Beatriz Vanegas Athías
03 de julio de 2018 - 02:00 a. m.

Parece que falta más sangre y lágrimas por derramar en Colombia. El daño ocasionado por el accionar político de los sucesivos gobiernos dirigidos por Álvaro Uribe Vélez a Colombia rebasan los límites del horror de dictaduras tan infames como la sucedida en Chile al mando de Augusto Pinochet. De acuerdo a la Comisión Valech que investiga los abusos a los derechos humanos en Chile en las décadas de 1970, entre 1973 y 1990 que transcurrió el gobierno militar, se cuentan 40.280 víctimas, entre las que se asesinaron o desaparecieron 2.250.

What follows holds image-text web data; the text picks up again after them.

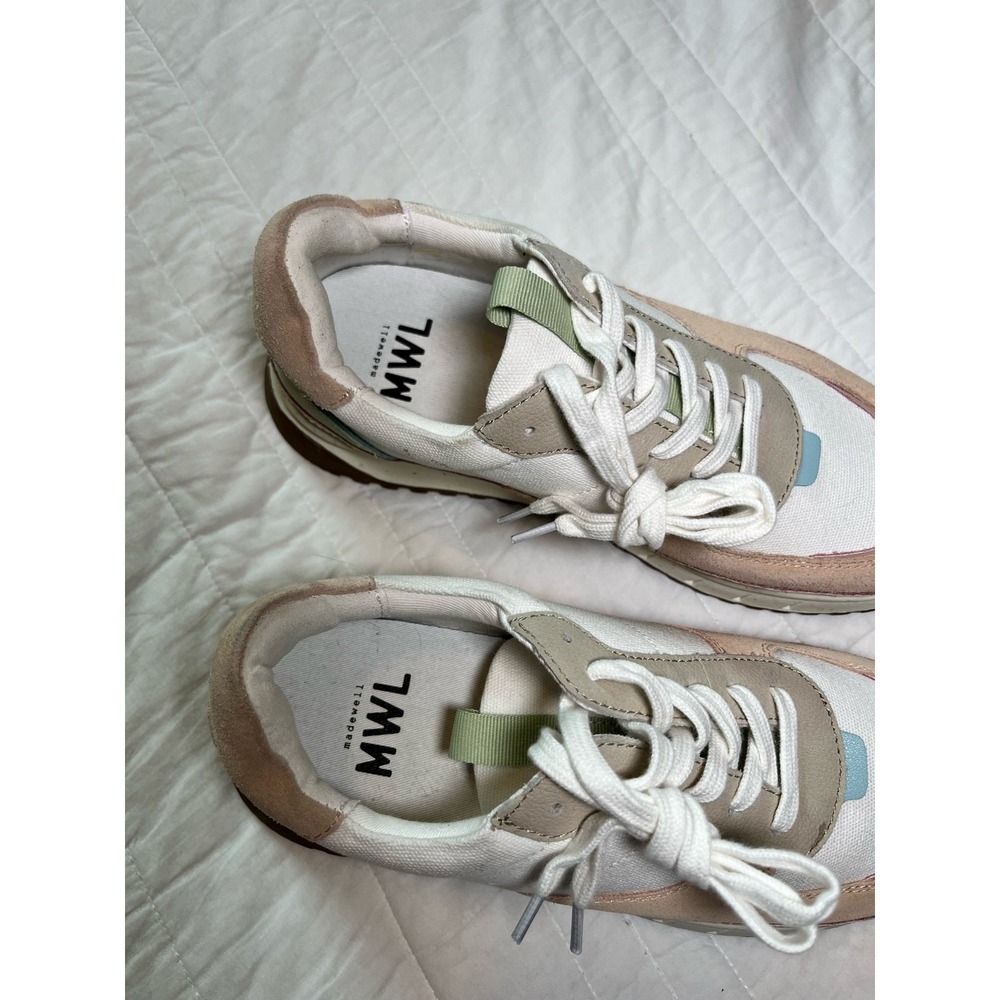 Madewell Colorblock Sneakers Women 9 Neutral Casual‎ Everyday Lace Up Shoes - Picture 4 of 13
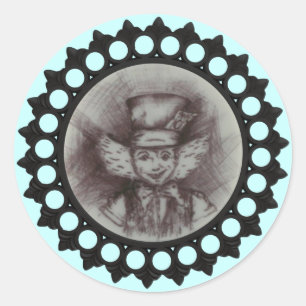 Redonda Mad Hatter Sketch Pegatina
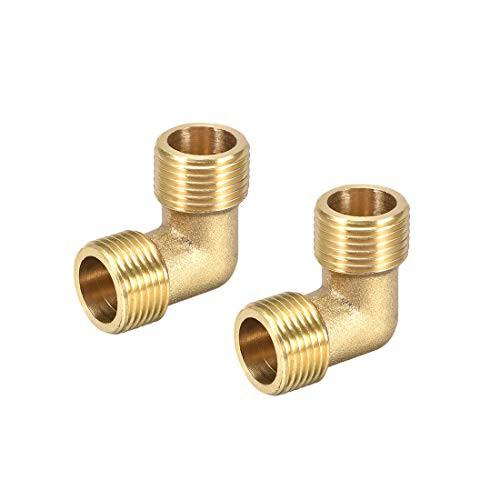 uxcell Brass Pipe Fitting 90 Degree Elbow G3-8 Male X G3-8 Male 2pcs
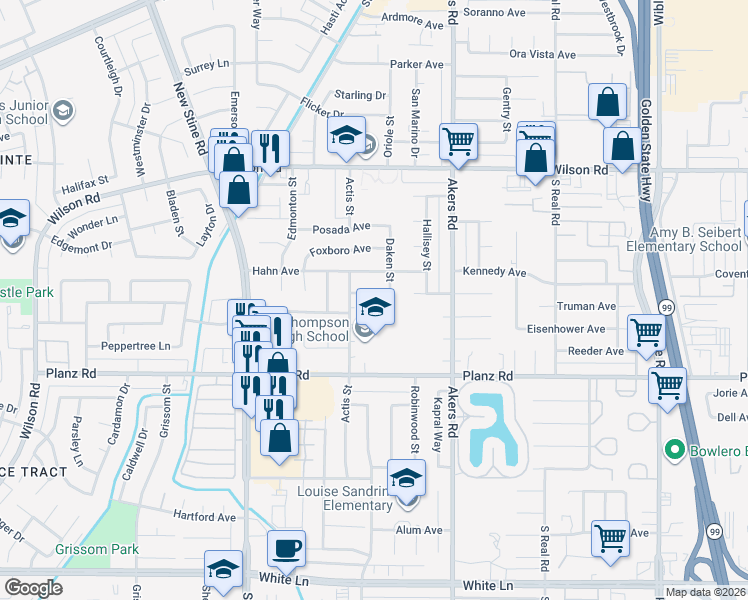 map of restaurants, bars, coffee shops, grocery stores, and more near 4317 Keith Way in Bakersfield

Las víctimas de los dos gobiernos iniciales de Álvaro Uribe Vélez que sólo duraron ocho años ascienden a casi siete millones de desplazados, es decir, campesinos y pueblerinos desterrados –ellos sí expropiados- hacia las insensibles ciudades que los acogieron con asco y con insensibilidad absoluta. A ellos, el senador José Obdulio Gaviria los nombró como” migrantes internos” con el cinismo semántico propio de este país acostumbrado a no llamar los hechos por su nombre para negarlos, y en caso de que alguien se atreva hacerlo, de nuevo el lenguaje es prostituido para estigmatizarlos calificándolos como propiciadores del odio, polarizadores, castrochavistas o gritones. Todo ello con el aval de unos medios de comunicación también prostituidos.

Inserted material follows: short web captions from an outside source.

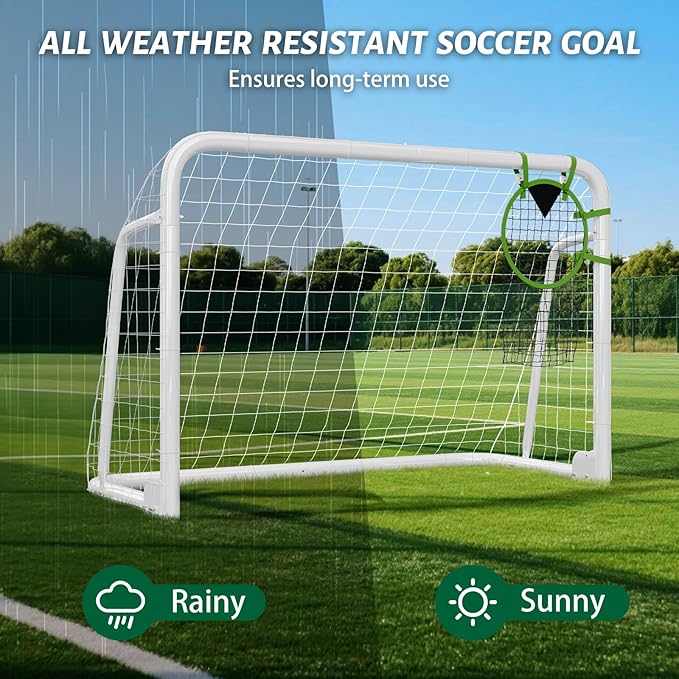 NAIZEA Soccer Goal - 12x6FT/16x7FT/10x6FT/8x6FT/6x4FT Soccer Goals for Backyard - Metal Soccer Goals for Youth Adult - Multiple Sizes Colors - Perfect for Games Indoor Outdoor Practice
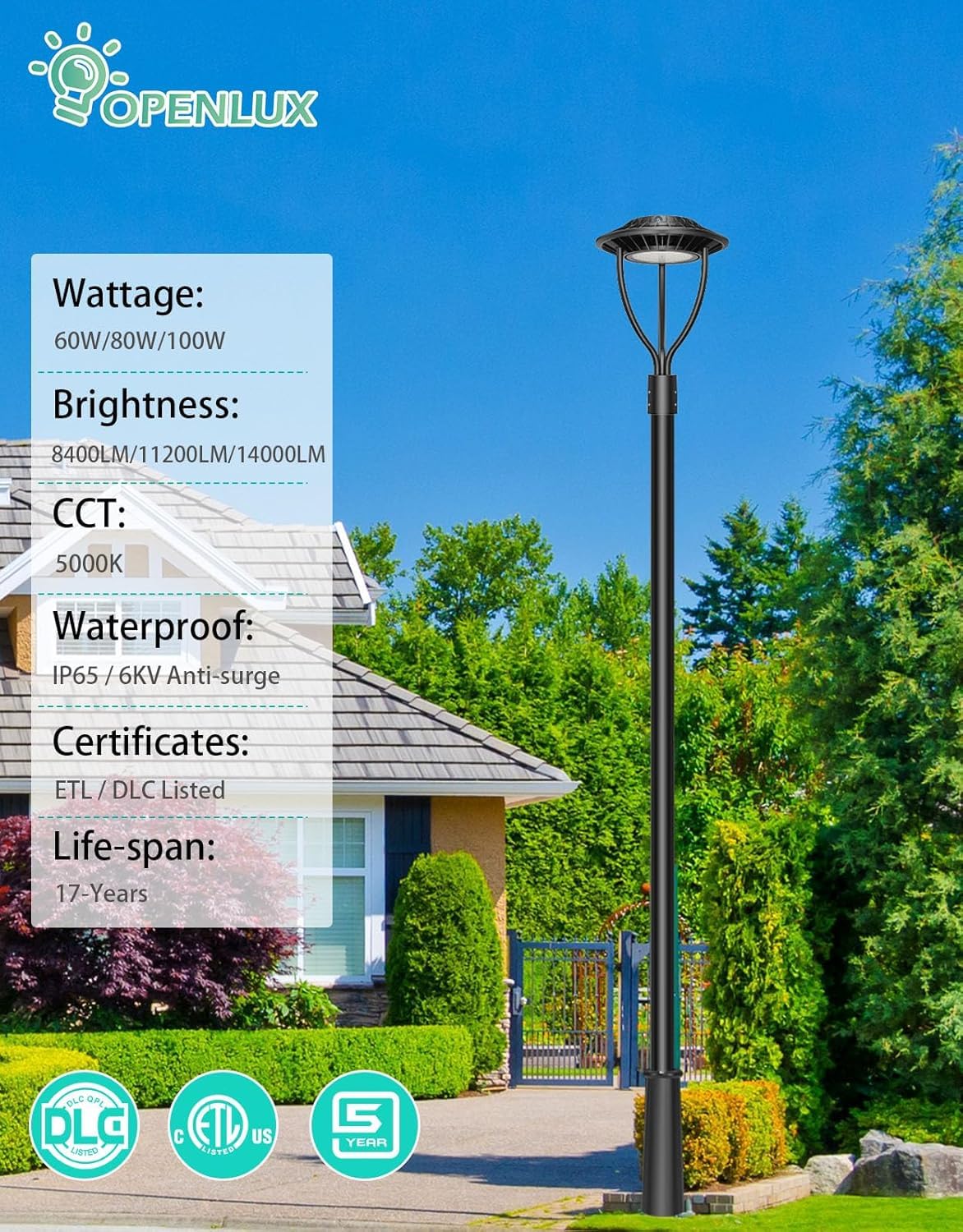 LED Post Top Light- PTA Series,100W,14000lumens,Selectable Wattage,5000K,100-277V,With Built-In Photocell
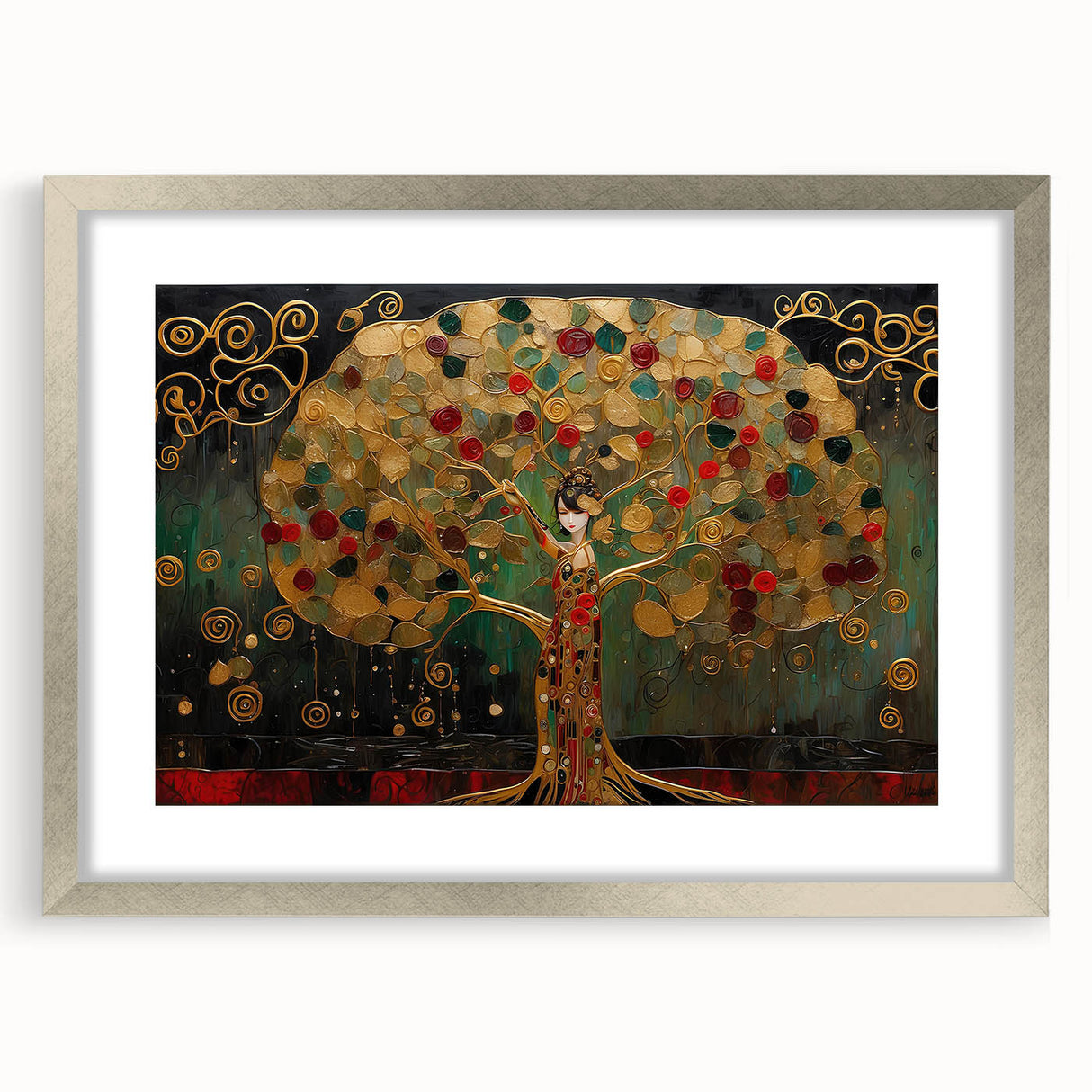 Abstract landscape wall art framed in silver, showcasing vibrant colors and intricate details; ideal for modern home decor and artistic interior design accents.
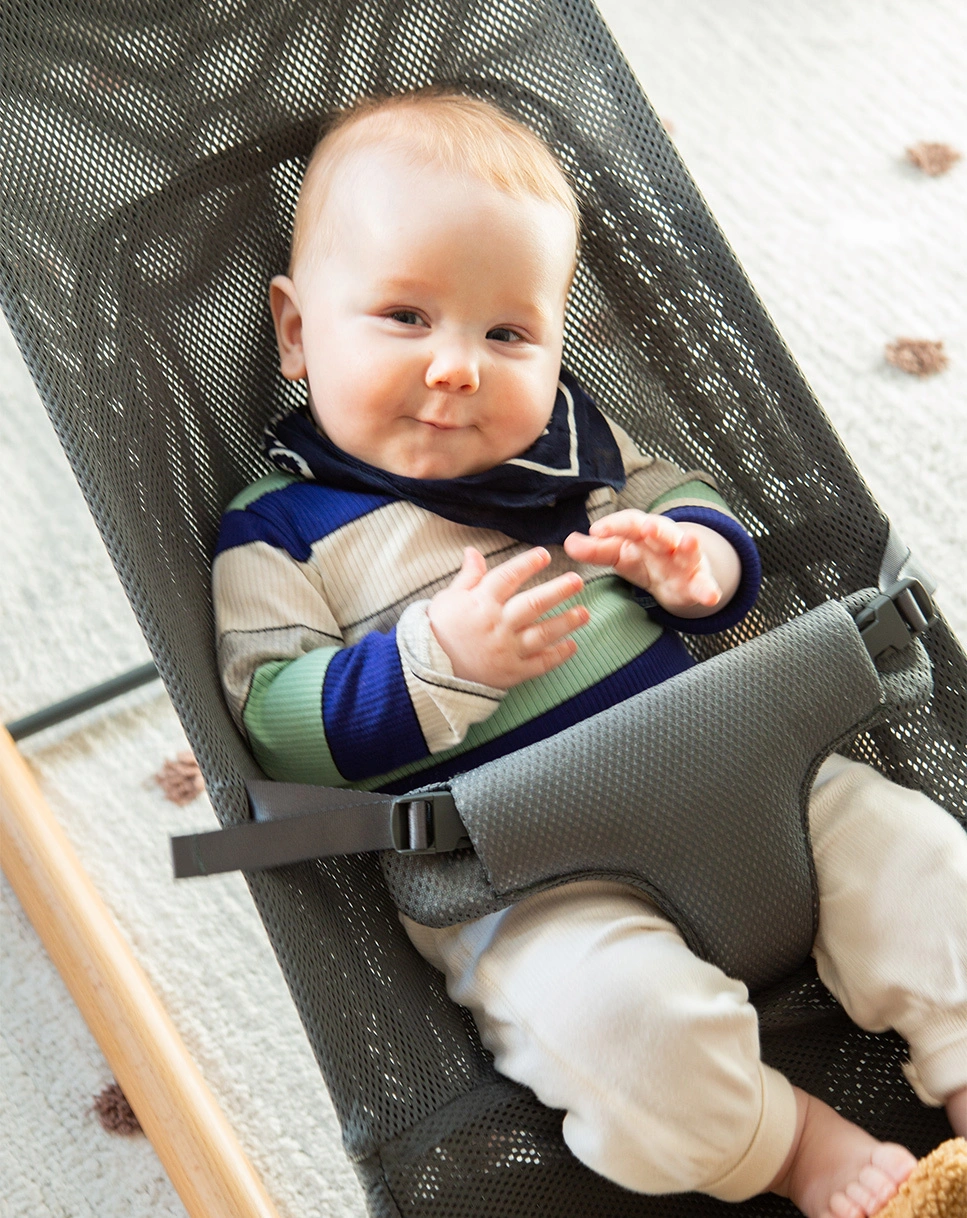 Babywippe EVOLUX MESH in natur/anthrazit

Pero volvamos al punto inicial. Si en trece años de la dictadura chilena se asesinaron 2.250 personas, en ocho años del gobierno de la Seguridad Democrática, se desaparecieron y asesinaron a diez mil jóvenes ajenos a la guerra, pero inmersos en un país desindustrializado que no les ofrecía posibilidades de armar un proyecto de vida digno. Se trata de la abominación que en la larga historia de la infamia colombiana se dio en llamar falsos positivos para, nuevamente cubrir con un manto de ficción la realidad atroz de que un amplio sector del Ejército colombiano reclutaba a jóvenes de todo el país, los torturaba, los asesinaba y luego los vestían con un camuflado que los hiciera aparecer como miembros de la guerrilla. Y todo esto para qué, para que siguiéramos creyendo que la seguridad democrática estaba acabando con la guerra y de paso enriquecía a los miembros del ejército que obtenían ascensos en sus carreras militares, además de bonificación por cadáver entregado. Al mejor estilo del viejo oeste, con la diferencia de que estos muertos no eran asesinos consumados.

Por eso allí está el silencio de Martha Lucía Ramírez, la actual vicepresidenta de este país desmemoriado que reelige a su verdugo en cuerpo ajeno. Allí está el llanto y la persistencia de Las Madres de Soacha cuyos hijos fueron protagonistas de una guerra que no les interesaba librar.

Hay que contarlo, hay que narrar estas infamias porque quienes tienen el poder de dirigir el país hoy, son los mismos que las patrocinaron.

COLETILLA: Ahora que México eligió la Cuarta Transformación, es hora de que las nuevas ciudadanías colombianas empiecen a trabajar por la fundación de un país más memorioso, y menos frívolo y criminal. ¿O es que aún falta más sangre y lágrimas por derramar?